Bruce Lucas: Yes, Alex, good question. All of our distribution is in place. So we spent the time on the front end to identify the right distribution partners in a very large and differentiated market. California is huge. It's not like there's 2 or 3 markets. There's probably 20 markets within California. So all of that work is done. Really at this point, we're just fine-tuning some system issues, technical issues, but it will get launched here in short order. And we do think there's an opportunity to grow top line this year by $50 million to $100 million just in California, if not more. So we're really chomping at the bit to get the finishing touches on and launch the program.

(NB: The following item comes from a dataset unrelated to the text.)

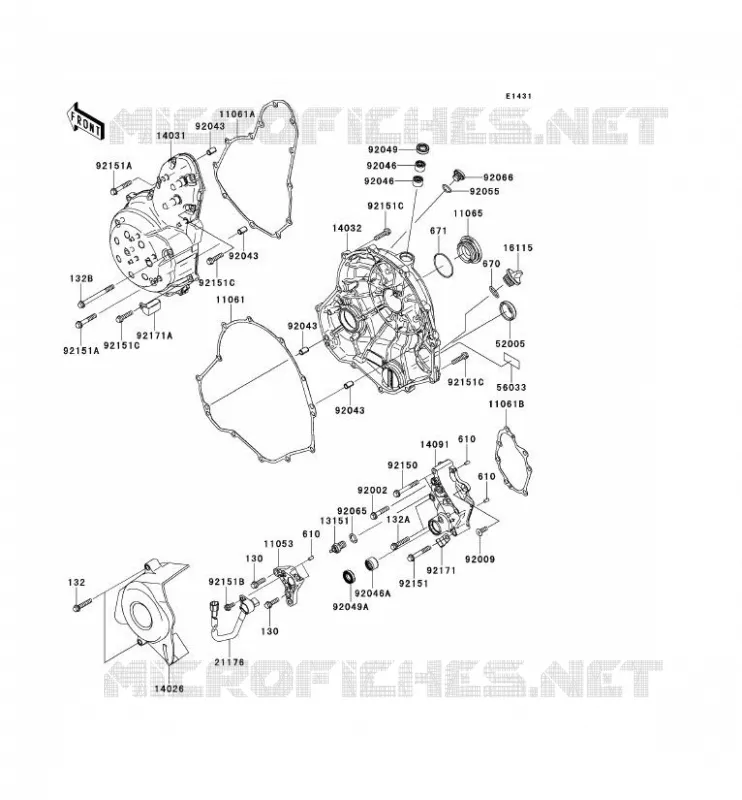COUVERCLES MOTEUR Kawasaki MOTOS 650 2008 VERSYS 650  KLE650A8F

Taylor Scott: Got it. That's helpful. Follow-up I had is on just the prioritization of capital return. You're in a unique position where you have enough cash coming in to potentially grow and return capital. And I look at my own model even and -- even with a good amount of growth, premium to surplus is coming down in my model, which probably doesn't make a whole lot of sense. With the stock trading at what is -- at 5.5x price to earnings, I mean, a significant discount even to the arguably more volatile reinsurers and property CAT, will you continue to leverage buybacks to reduce your share count the way you did this quarter until that's corrected?

Bruce Lucas: Yes, that's a great question. It's something that we talk about a lot is capital management. And you're right. This is a good problem to have. Most companies do not have the problem that we have on profitability and cash. But we are always, first and foremost, looking for the highest return on equity for our shareholders. That is our #1 mission at Slide. It should be everyone's #1. And so the first thing we do is we really pick apart the business plan. We look at the opportunities in front of us, the amount of capital that will be required, what we believe the ROE will be on those opportunities.

And once we have that cash position set aside for the growth initiatives, we then start looking at excess cash, what's the best use of it. There are definitely instances where you'd want to have some redundant capital on your balance sheet. I think that is prudent. It helps us kind of hedge out any volatility in the portfolio. But we have been generating such rapid increases in profitability and free cash that buying back stock at an average of $17.30 a share, which is less than 2% higher than the IPO price, that's a no-brainer. We'll take that trade all day.

When we went public in June of last year, there were analyst projections that were issued to the Street as to what we were going to do in '25 and '26. I think it's very safe to say that we have absolutely surpassed all of those expectations in a meaningful way, yet the stock had been kind of stuck right around that IPO price. When we see that type of dislocation, we're a strong and aggressive buyer. And as we continue to increase our earnings, increase our top line, you should expect us to be very active in share buybacks as long as the price is not indicative of fair value.

Operator: Thank you. At this time, I would like to turn it back over to Mr. Bruce Lucas for closing comments.

Bruce Lucas: I would just like to thank everyone for participating in our first quarter earnings call.

Operator: Thank you. This does conclude today's teleconference. You may disconnect your lines at this time. Thank you for your participation, and have a great day.